#### Data below

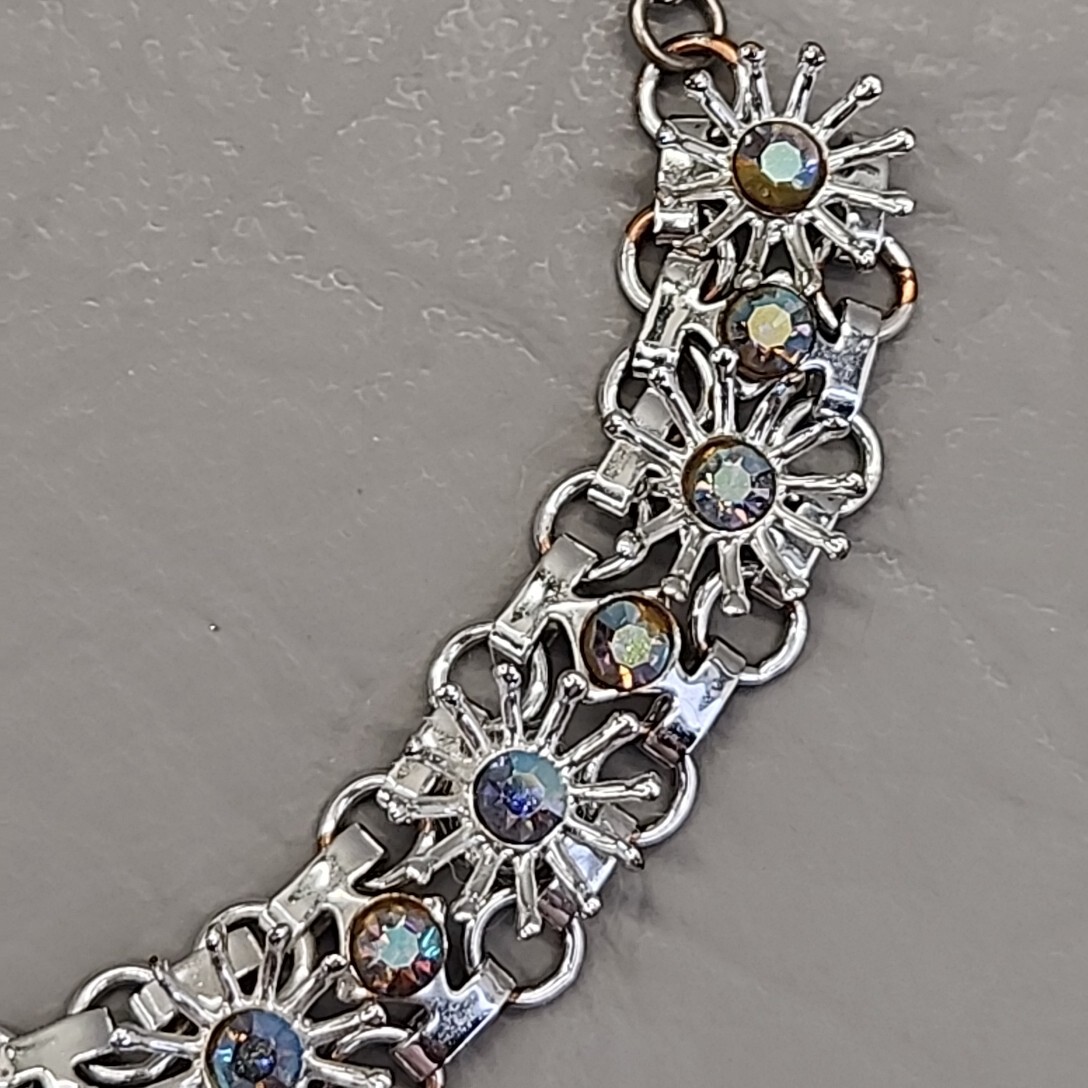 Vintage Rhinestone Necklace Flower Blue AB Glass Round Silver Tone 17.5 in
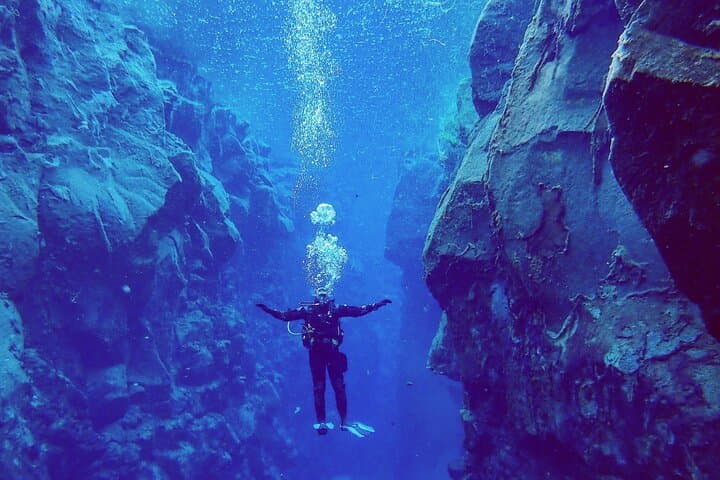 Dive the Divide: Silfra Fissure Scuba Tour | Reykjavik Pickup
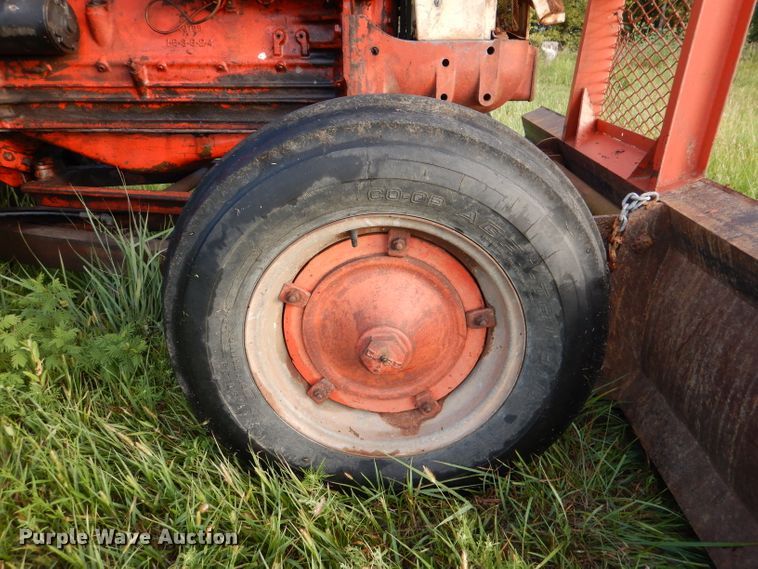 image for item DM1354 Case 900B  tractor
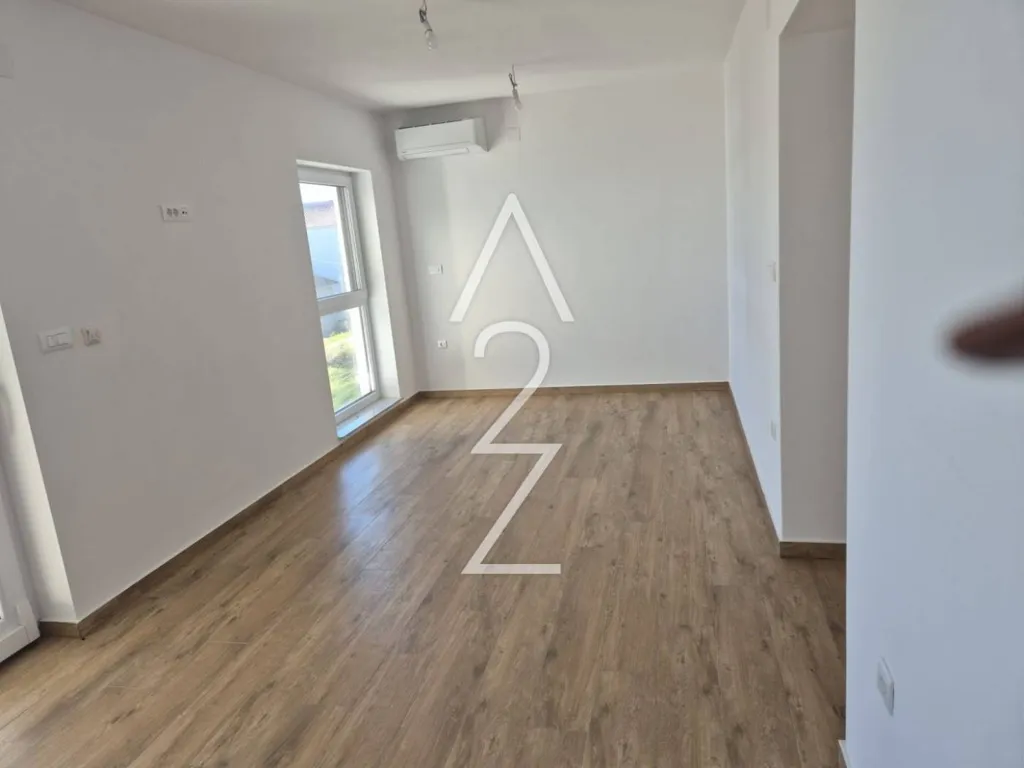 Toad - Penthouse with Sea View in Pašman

########

## What you have to do
Could you return exactly the lines starting with the one that contains "Dive the Divide: Silfra" and ending with the last line of the data above? Leave the pictures out.

## Final answer
 Dive the Divide: Silfra Fissure Scuba Tour | Reykjavik Pickup
 image for item DM1354 Case 900B  tractor
 Toad - Penthouse with Sea View in Pašman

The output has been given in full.